In the world of form, I started out in public education after which I attended Quaker School in Philadelphia from 4th grade through Senior High. I went on to Bryn Mawr and Bard Colleges for Undergrad, then stepped away from school for several years to try my hand at the wilderness of life. At age 30, I returned to formal education, earning Masters and Specialist Degrees in Mental Health with a concentration in Systems Theory (Marriage and Family Therapy) from the University of Florida. As a newly-single mother without child support, I wanted a stable career to support my daughter. Life, however, had other plans.

Graduate school confronted me with clear and undeniable indications that my mother's mother's lineage had suffered generations of sexual abuse. As I dove into my own transformative healing, facing for the first time the extent of both my own and my family's trauma, I became fascinated with exploring recursive mirroring between internal and external systems, was diagnosed with an auto-immune disorder, stumbled into the healing power of sound, encountered spontaneous whirling and embodied experiences of divinity which fueled new forms of poetry, and discovered a form of work called, "the Recovery of Indigenous Mind." Somewhere along the way, I ended up counseling and designing life skills education inside the criminal justice system. That job came to an end as the local Sheriff's Dept took the jail away from the counselors in 1996. Our nation was careening into Mass Incarceration.
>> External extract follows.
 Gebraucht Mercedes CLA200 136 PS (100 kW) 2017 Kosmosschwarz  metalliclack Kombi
A year later, I was presenting Healing Sound as a modality at Harvard and scooped up by three Dervishes who hand-delivered me "to the teachers".
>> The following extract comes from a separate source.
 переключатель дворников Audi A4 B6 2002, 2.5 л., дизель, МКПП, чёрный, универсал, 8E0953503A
22 years have passed since the day I first sat before Murshid Shahabuddin David Less of the Chisti lineage of Hazrat Inayat Khan and Pir Sherif Baba of the Marufi R'fai, the "Howling Dervishes" of Turkey. Today, (she, he, they, we, that, I, that being, I) am/are/is a teacher and guide (Pira) of the Message Collective, prison abolitionist, and human being charged with felony convictions for defying marijuana laws in Georgia in response to a call to change them. In mystical Judaism, this Path is called "Tikkun Olam". The Sufis call it, "Shafiyyat." Because it is often impossible to see the true nature of a problem from the outside, the practitioner steps inside, willingly becoming a living offering. In Christianity, this is simply called "a leap of faith."
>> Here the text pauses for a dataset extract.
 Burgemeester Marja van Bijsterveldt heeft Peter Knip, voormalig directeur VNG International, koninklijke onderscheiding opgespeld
There are two poles of justice:
The pole of human justice and the Pole of Divine Justice.
The pole of human justice must continue to evolve toward the Pole of Divine Justice,
or the law will cease to serve humanity,
and, instead, humanity will be forced to serve the law.
— Murshida VA

I don't believe human law was ever intended to become a religion, but in the past decade, I've encountered many people who seem to have forgotten that human law is not the word of God-- or Buddha for that matter. I fail to be convinced that any human being has the wherewithal to know the Will of that which is, by definition, Omniscient, Omnipotent, Omnipresent, and All-Pervading, and I'm quite certain the originators never once intended human law to be confounded with anything burned into rock by the hand of an Almighty.

Perhaps in the place where faiths intersect there is a memory of the birthplace of all religions, a memory of that need, that human yearning for connection, connection with that which challenges us to remember our fragility and our greatness all at once. And perhaps if we can recall that place, we can and will find a viable way to loosen the grip a few of us have on laws that no longer serve humanity, laws like the slavery exception clause in the 13th Amendment of the Constitution.

It will take about 100 years to dismantle our prison system completely. But dismantle it we can, and dismantle it we must. The alternative trajectory is genuinely unthinkable. In the meantime, it is my work to liberate

Rain of Blessing,
—Murshida VA


*The above Biographical Statement composed during the Masters in Peace and Social Justice at Claremont-Lincoln University, 2020.